Comment cette production de drogue à Marseille a-t-elle commencé ? "La nature a horreur du vide. Donc, au lendemain de la Seconde guerre mondiale, Marseille est à reconstruire, y compris la pègre. À l'époque, c'était deux voyous qui s'appelaient Paul Carbone et François Spirito qui régnaient sur la ville. Et puis, c'est vrai que les frères Guérini, qui sont des frères pauvres, illettrés, famille nombreuse, qui viennent de Calenzana, en Corse, arrivent à Marseille et décident de rentrer dans la voyoucratie. Et assez vite, ils se rendent compte qu'il y a des chimistes hors pair à Marseille qui savent fabriquer une héroïne qui est pure à 98%-99%. C'est beaucoup, beaucoup d'argent en perspective, parce qu'elle va pouvoir être coupée 8, 9, 10 fois. Et ils mettent en place toute une filière de production et de distribution aux États-Unis", a raconté Géraldine Levasseur.
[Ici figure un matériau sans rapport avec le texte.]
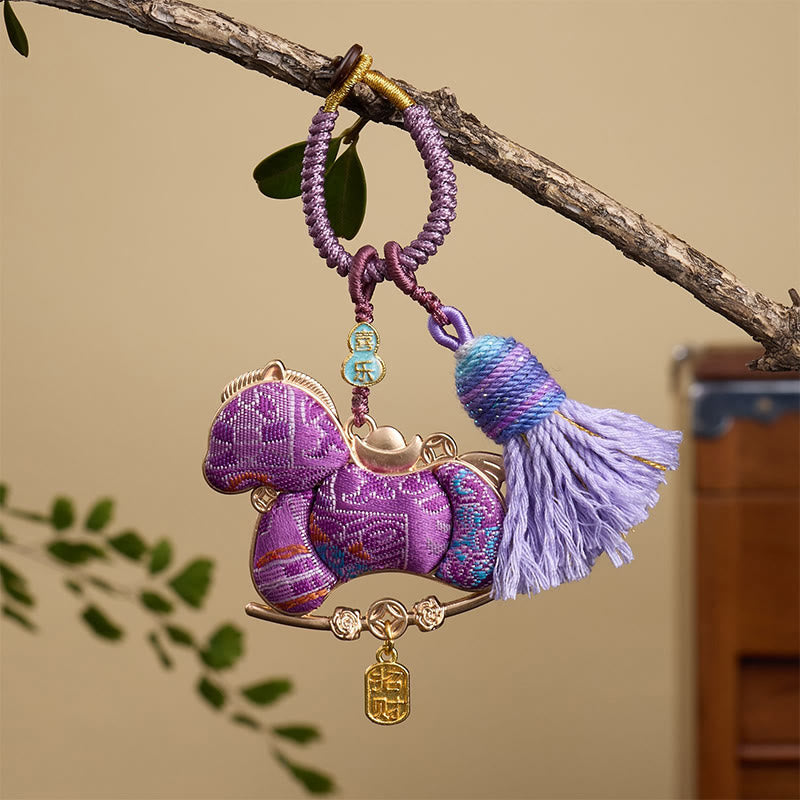 Wielokolorowe Buddha Stones Rok konia Tykwa w kształcie sztabki, brelok do kluczy z motywem wolności i dobrobytu - Fioletowy koń 12*3mm - image 8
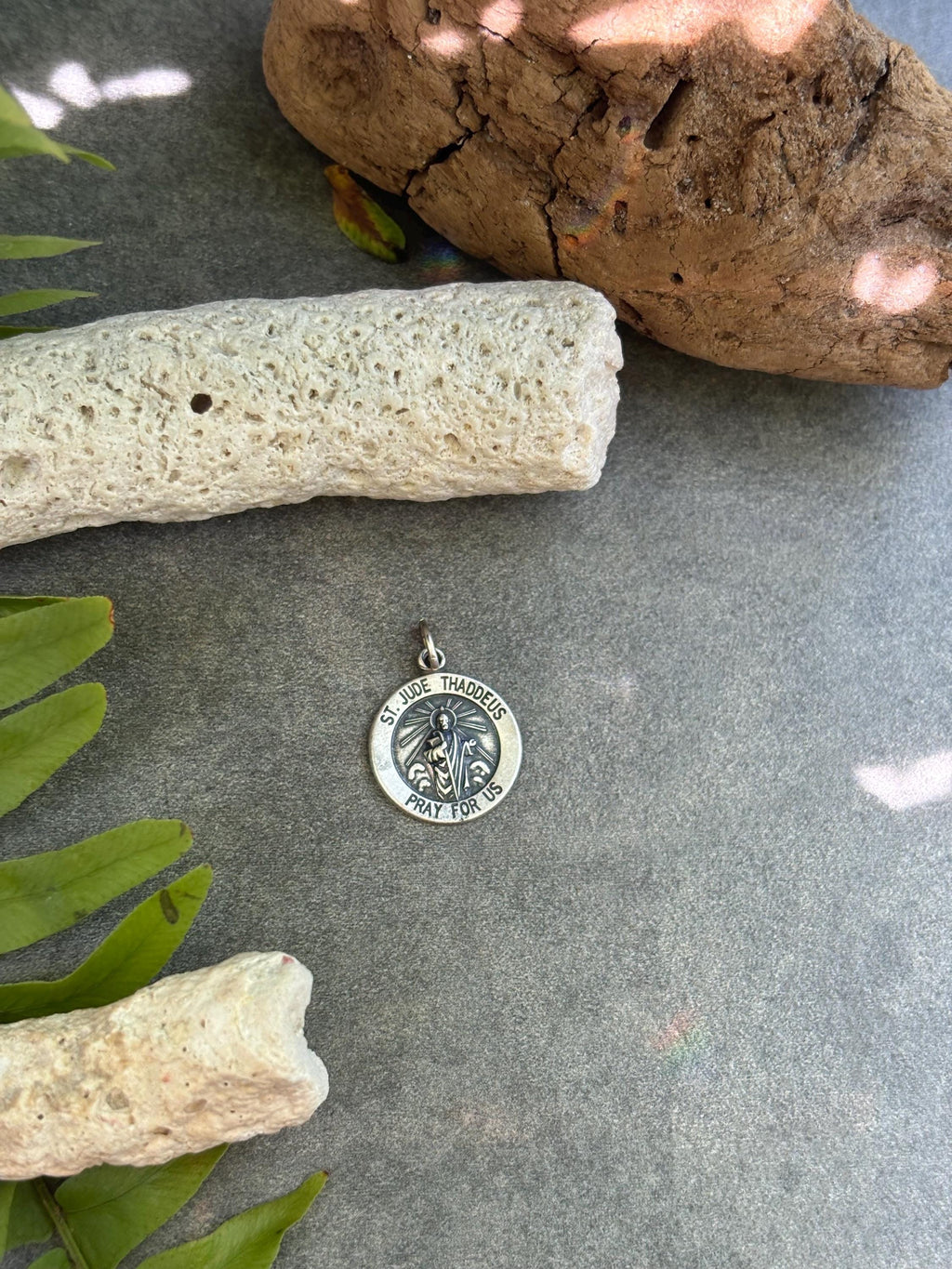 Sterling Silver Round St. Jude Thaddeus Medal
Pourquoi une distribution aux États-Unis uniquement ? "Il y a deux frères Guérini : il y a Antoine et Barthélemy, surnommé Mémé. Pour lui, tout est bon pour faire de l'argent. Et quand le Luciano, la mafia italo-américaine, arrive à Marseille pour leur proposer de faire du business à destination des États-Unis exclusivement, parce que la clé n'était pas distribuée sur le territoire français pour avoir la paix, Mémé Guérini, qui est le plus jeune, a des scrupules, il ne veut pas y aller. Il pense que la drogue, ça transforme l'homme en animal. Il pense que c'est une saloperie. Mais comme le dit Milou, qui est un autre voyou qui nous parle dans la série, en Corse, c'est l'aîné qui a le dernier mot. C’est comme ça qu’Antoine va l’emporter", a expliqué Géraldine Levasseur.
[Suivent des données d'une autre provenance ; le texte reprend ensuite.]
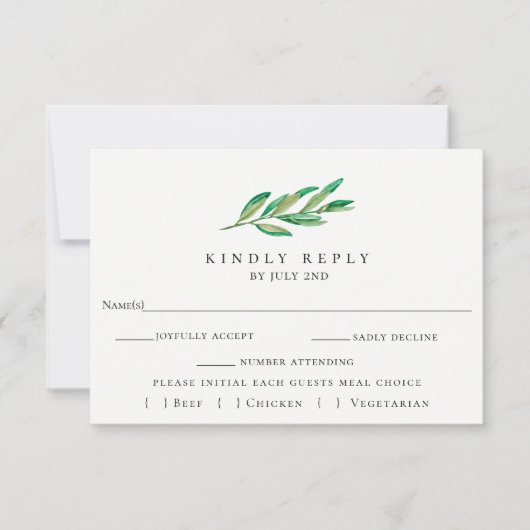 RSVP-Karte für Olive Branch Wedding RSVP Karte (Vorderseite)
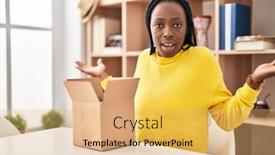  Presentation with black woman - Presentation theme consisting of beautiful-black-woman-opening-cardboard background and a yellow colored foreground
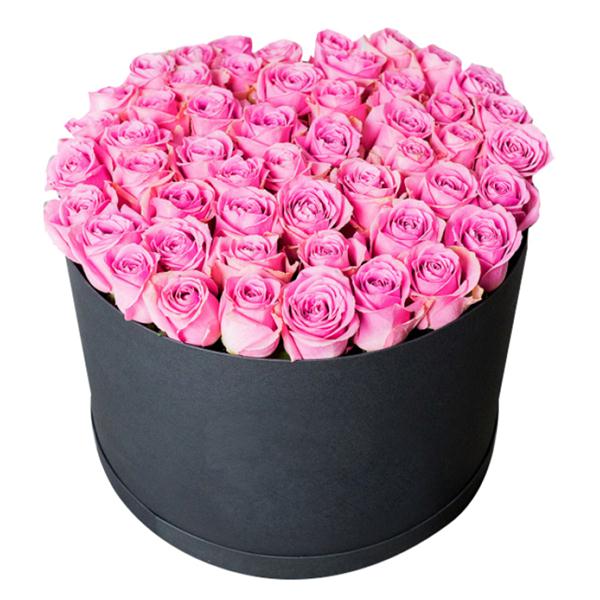 51 розовая роза в коробке Resim 2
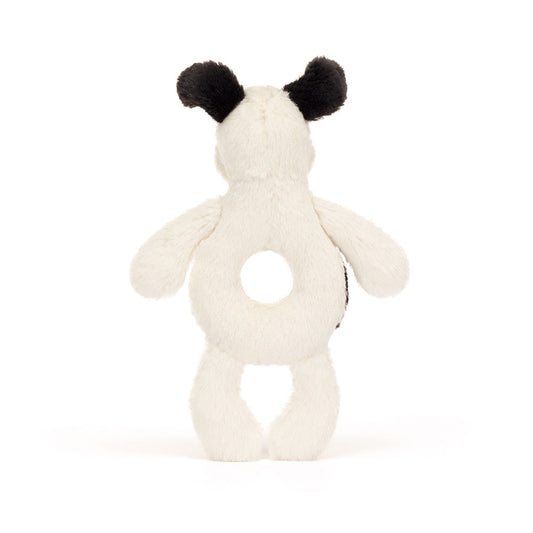 Bashful Black & Cream Puppy Ring Rattle | Jellycat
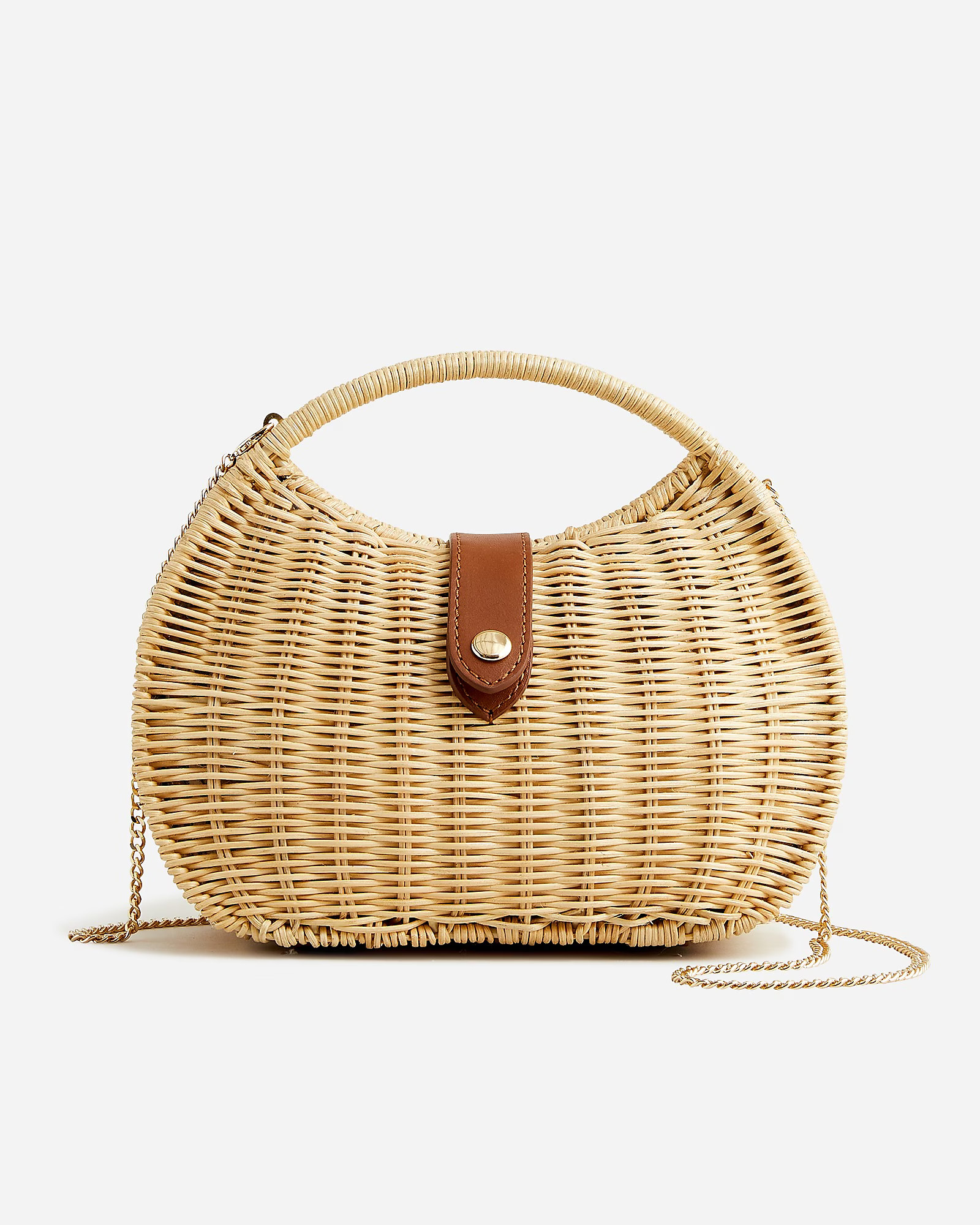 Semicircle rattan clutch | J. Crew US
"Ils ont envie de laisser une trace"
Pourquoi la police américaine s’y est-elle mêlée ? "À un moment donné, les policiers américains n’en pouvaient plus, Nixon n'en pouvait plus. C'était une crise sanitaire qui est comparable au fentanyl aujourd'hui : en 1971, aux États-Unis, il y a plus de morts d'overdose que de morts liés à la guerre du Vietnam. Et donc, le gouvernement américain a mis en place le programme de protection de témoins, pour qu'ils puissent balancer. Parce que pour lutter contre la mafia, il faut avoir un intérêt à parler. Et donc, Joseph Signoli, par exemple, c'est un voyou qui a été balancé, puisqu'ils se balançaient tous les uns envers les autres. Donc, il a payé sa dette."
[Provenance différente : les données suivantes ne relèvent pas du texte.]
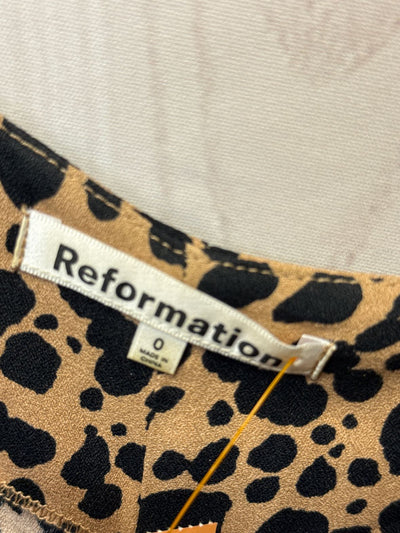 Reformation Women's Size 0 Brown Animal Print Dress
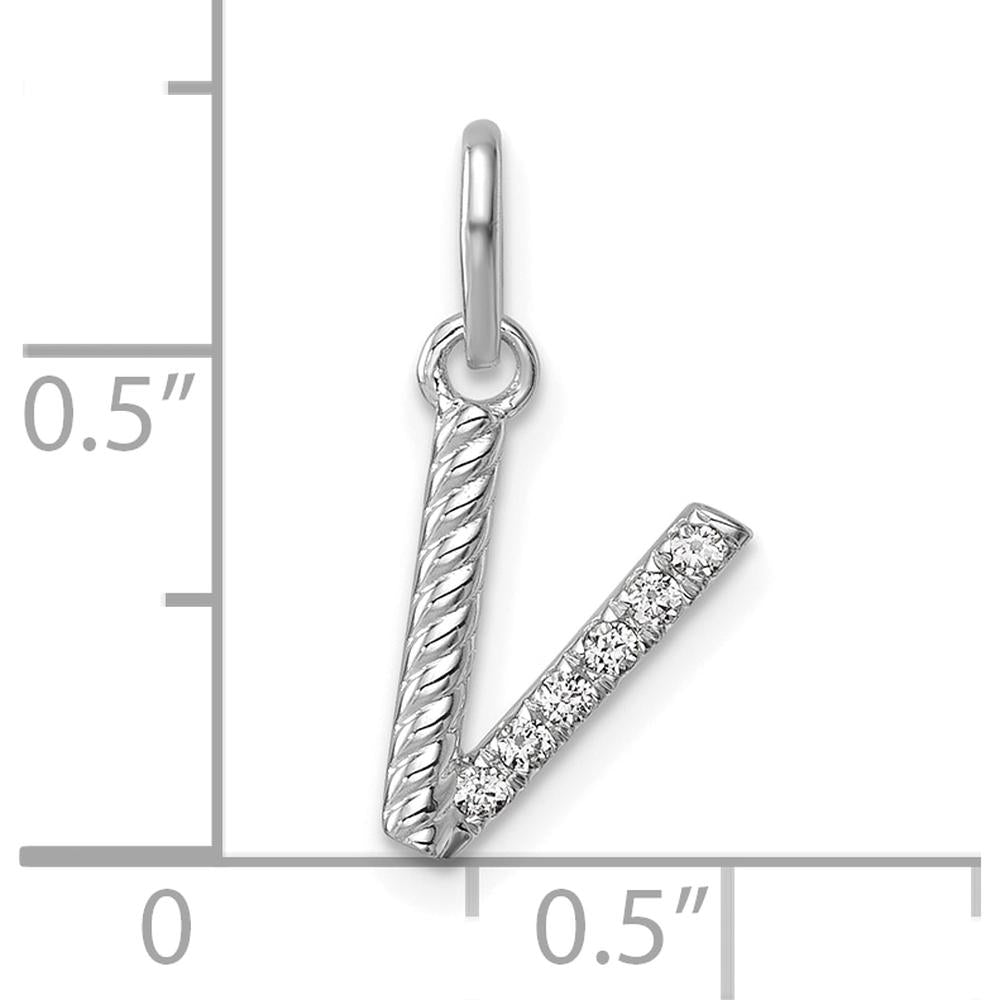 14K White Gold Twisted Diamond V Charm Pendant - 0.05 Carat Total Diamond Weight by Oro Pregiato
Ces gens ont-ils des regrets aujourd’hui ? "À l'image, on voit tous les morts. On voit cette jeune gamine de 17 ans qui meurt d'une overdose. Elle avait la vie devant elle, et on la voit mourir comme ça dans les toilettes d'un casino à Bandol. Et à un moment donné, on lui pose la question : ‘Est-ce que vous avez des regrets ?’. Il dit : ‘Ben non, il n'y a pas de regrets’. C'est des vrais méchants", a raconté Géraldine Levasseur.
Pourquoi ont-ils accepté de parler ? "D'abord parce qu'ils sont très vieux. La plupart ont plus de 90 ans aujourd'hui. Et ils ont envie de laisser une trace. Jean-Pierre Hernandez, qu'on voit apparaître dans l'épisode 4, est décédé la semaine dernière. C'est un monsieur qui était un passeur. Il nous a raconté comment on passait l'héroïne avec les voitures, les avions, les tournées des musiciens, etc. Comment, de la production qui était faite à Marseille, ça arrivait aux États-Unis. [Pour dissimuler la drogue dans les bagages], l’imagination était débordante. Et puis c'était tellement rémunérateur qu'ils avaient intérêt à en faire passer beaucoup, beaucoup, beaucoup. Ça n'a pas été simple pour les retrouver. Minou et Miliaz étaient déjà dans notre série précédente sur Dolorès, ‘La malédiction du pullover rouge’, donc on n'a pas eu de difficulté à faire reparler Minou, en quelque sorte", a fait savoir Géraldine Levasseur.